10年前の2004年6月7日、北欧ブラック・メタルの源流にしてヴァイキング・メタルの開祖、QUORTHONが心臓発作で亡くなりました。そうですか。もう10年も経ちましたか…。38歳での夭逝は非常に残念な出来事でありましたねぇ。

VENOMを雛型とするエクストリームなメタルは米国西海岸でスラッシュ・メタルとして花開いた一方、ヨーロッパにおいてはアンダーグラウンドなマイノリティの世界に埋没しつつ、より尖鋭的なサウンドに特化していきました。特に北欧ではキリスト教以前の土着宗教と結び付いた思想的反逆が教会への放火など実際の犯罪へと転化され、一時は大きな社会問題として扱われるような事態となってしまいました。

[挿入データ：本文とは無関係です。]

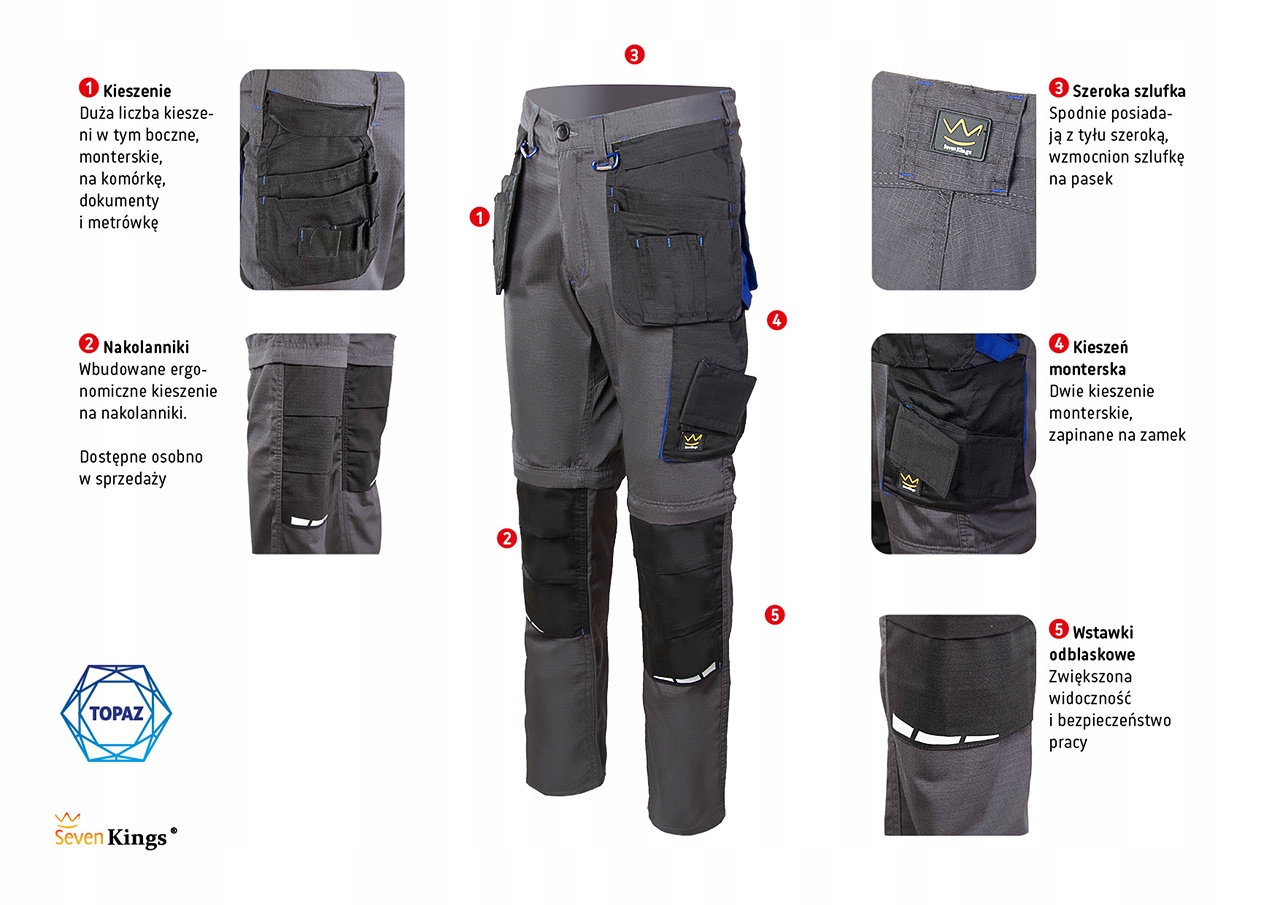 Spodnie robocze długie Seven Kings Topaz Stal r. 110 Marka Seven Kings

そんな北欧型ブラック・メタルの分水嶺となったのが1984年にデビューしたバンド・BATHORYであり、そのBATHORYを主宰したのが他ならぬQUORTHONでありました。しかし、後に社会問題化したブラック・メタルとは違って、QUORTHONがアウトプットしたのは純粋に音楽としての過激さであり、思想信条とは遠く距離を置くものであったと思います。ヴァイキング・メタルという呼称で更に細分化されていったBATHORY後期の一連のアルバムについても同様で、この人の場合は題材として母国(スウェーデン)の歴史を用いただけ、というのが正直なところでしょう。

実際QUORTHONの音楽的嗜好の幅は非常に広範で、それはソロ名義で発表された楽曲において明確に証左されるものです。

最も極端な例ではありますが、このカバーは幾つかの編集盤にしか収録されておらずご存知ない方もいらっしゃるか思われましたので老婆心ながら。実に存外のハマり具合で、僕はこれを最初に聴いた時は余りにびっくりしてひっくり返ってしまったものです。

一方オリジナルに目(耳)を向けても、

これも意図してメタルから遠い曲をチョイスしていますが、モコモコと籠ったサウンドで断末魔の呻き声をあげているのと同一人物の曲だとは、ちょっと思えませんよねぇ。こ曲を聴いていると、僕はJAMESなんてぇバンドをふと思い出してしまいます。ブラック・メタルを原理主義的に追い求める聴き手にとって、こうしたQUORTHONの音楽的多様性はなかなか受け入れ難い面もあるようですが、自らの表現欲求に忠実なミュージシャンとしての姿勢は実に正しいと思うのです。

どんな思想信条よりも、まず最初に音楽ありき…と、そんなことを考えながら、故人の冥福を祈って合掌。

 

追記(補遺):
主にノルウェーにおいて音楽と乖離していったブラック・メタルの反社会化については半ばゴシップのように語られることが多く、その実像はなかなかつかみ辛いものでありました。

1998年に上梓された「Lords Of Chaos」(2003年の増補改訂版が「ブラック・メタルの血塗られた歴史」というタイトルで翻訳されています)という書籍が初めてその実態を詳らかにしましたが、事実関係はともかく周辺の論評めいたものが社会正義の側に大きくバイアスの掛かったもので、この本だけではやはり一元的な見方に寄ってしまう気がします。そこで併せて観ておきたいのが2008年に公開された「Until The Light Takes Us」というドキュメンタリー映画です。この、狂気を淡々と語る当事者達の映像は余りに静謐で、常軌を逸してしまった者達の本質ってのは案外こんなものなのかも知れないな…なんて感慨とともに「Lords of Chaos」のバイアスを補正してくれます。

なにしろ相当胸糞悪い(汚い言葉を使ってしまって申し訳ありません)話ばかりなので万人にお薦めは致しませんが。